Humans are social creatures. Much of what we learn – as children and as adults – is through observation and imitation. So, it’s not surprising to consider the possibility that our brains evolved in tandem to optimize learning from others, in turn guiding our behavior in social situations. Two major perspectives on the origins of MNs emphasize the role of (i) genetics (we come with MNs hardwired!), or (ii) associative learning. Initial evidence for the idea that MN development is genetically determined came from studies with newborn babies and monkeys. Unlike young infants and toddlers, newborn monkeys have not had as much opportunity and experience to learn from their surroundings. Yet, they were able to spontaneously imitate the facial expressions of their caregivers. However, the genetic explanation has been questioned because some of the neonatal imitation findings have not been reliably replicated or suffer from limitations in the research methods used.

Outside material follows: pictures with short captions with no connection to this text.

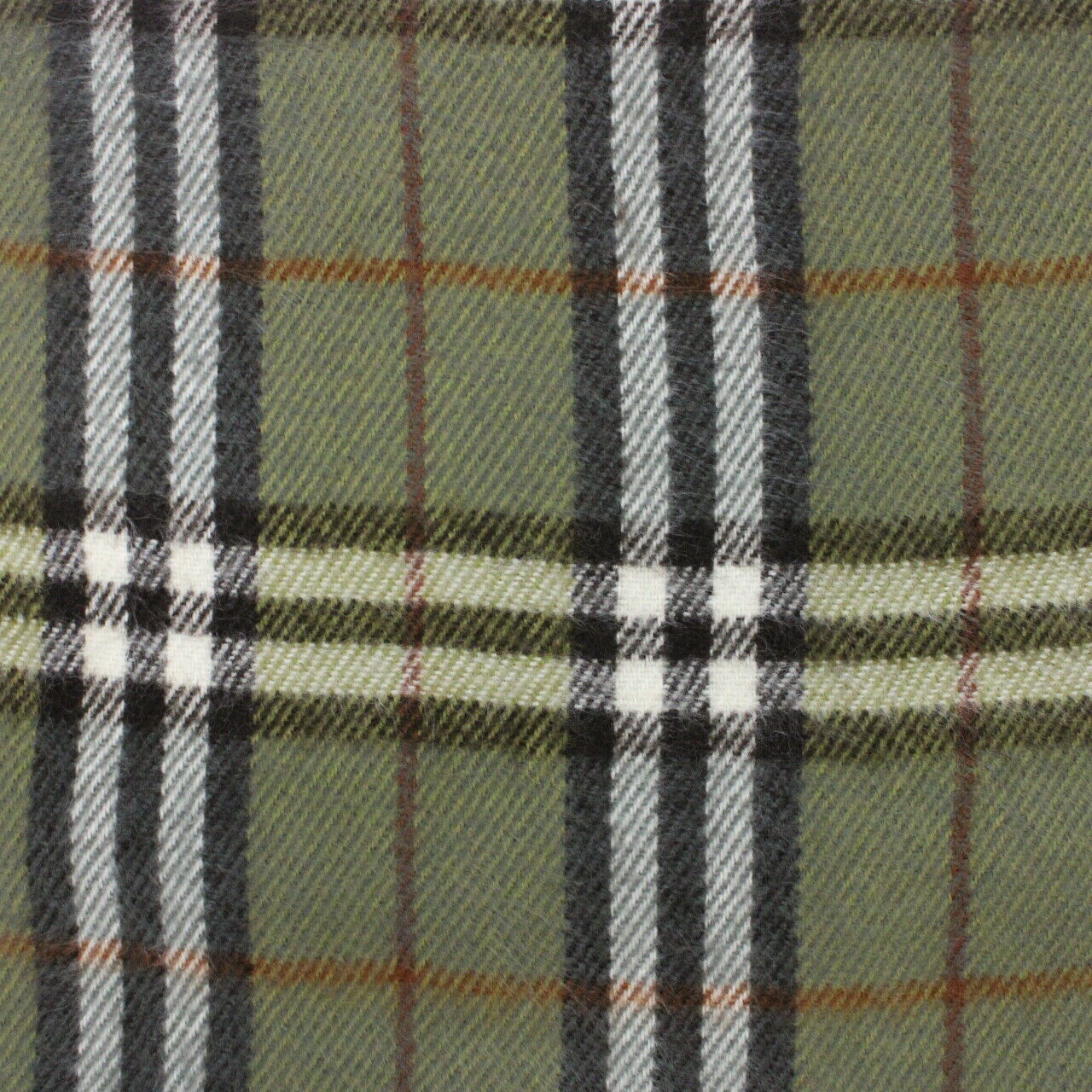 BURBERRY 00s Nova Check Scarf | Green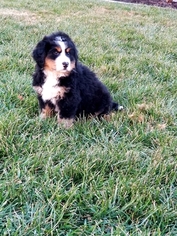 Bernese Mountain Dog Puppy for sale in HARTLY, DE, USA
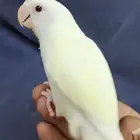 روز اليف وهدد مناسب للأطفال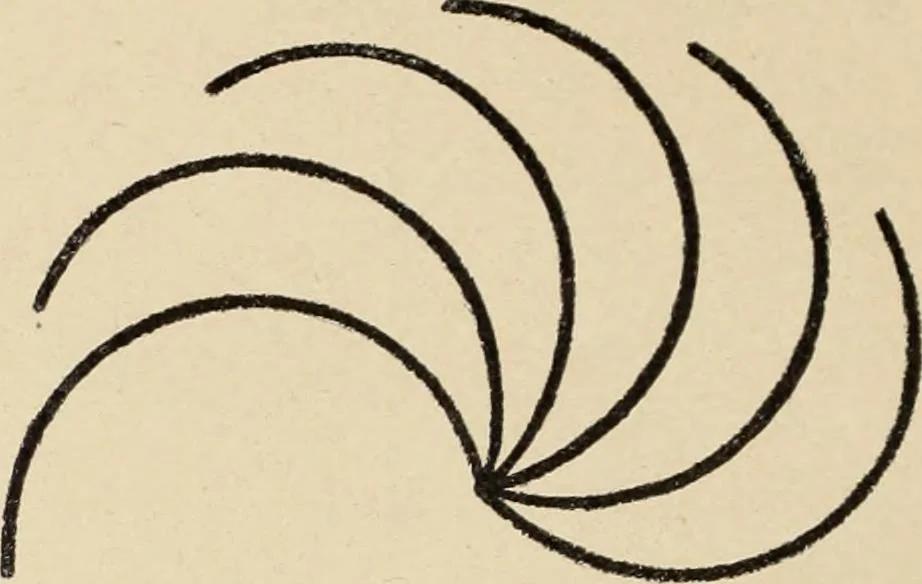 An illustration from Méthode de composition ornementale, 1905, leaf 81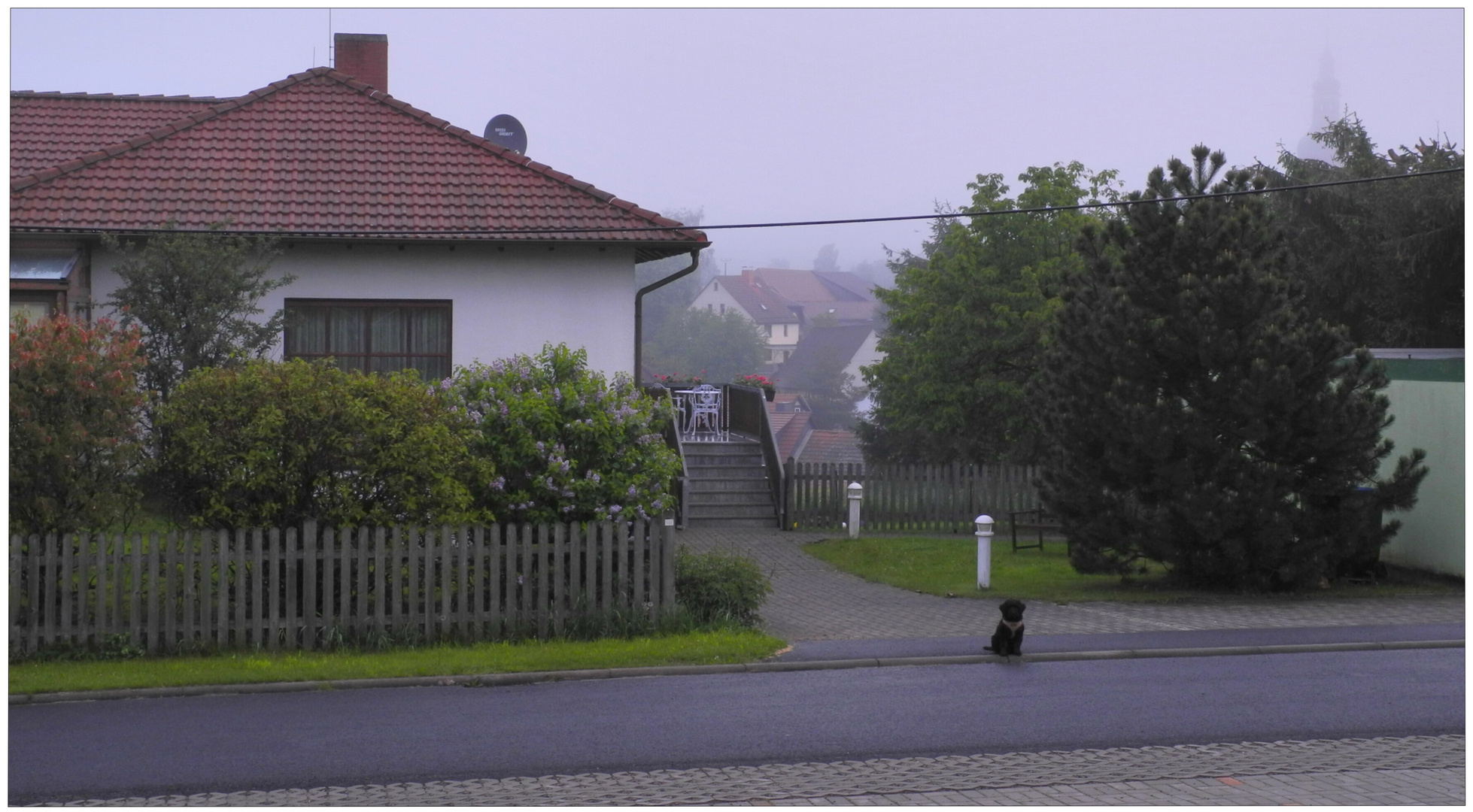 Wicky-Emily bewacht ihr Haus (Wicky-Emily está vigilando su casa)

Instead, some speculate that MNs develop from sensorimotor associative learning. Essentially, this means that as we learn to associate actions (e.g., reaching for a cup of coffee) with visual input (watching our hands reach for the cup), motor neurons form stronger connections with the visual neurons. Over time, MNs develop as the motor neurons begin selectively responding to both performing the action and to watching someone else perform the action. The engagement of the MN system in response to both biological (e.g., grasping) and artificial or unnatural (e.g., robotic) stimuli lends further support to the associative over the genetic account. Nevertheless, some researchers have provided alternative explanations for these findings and the debate regarding the origin of MNs has not yet been fully resolved.

What’s next?

Since 1992, the diversity of neuron types in the MN system, as well as the discovery of MNs in emotion-processing areas (outside of motor areas), has led to the idea that by integrating sensorimotor representations about the self with sensorimotor representations about others, the MN system facilitates behavior during social interactions. The diversity of neuronal types within the MN system may each contribute to a different aspect of social learning. For instance, unlike the strictly congruent MNs found in the premotor cortex, mirror-like neurons in the monkey motor cortex that regulate motor output are sometimes inhibited during action observation. These findings illustrate how the MN system enables us to learn through observation without imitation or necessarily producing actions of our own. Moreover, the extended MN system has been linked to both self-related emotional regulation as well as emotional perception in others. This may be unsurprising since emotional expression is closely tied to actions – including facial expressions, gestures, and body language – that MNs are responsive to. However, more research is required to understand the role that MNs and mirror-like neurons play in emotional processing and traits like empathy and prosocial behavior. Together, these findings highlight the need to further investigate the extended MN system at both the neuronal and network level to understand its role in social behavior.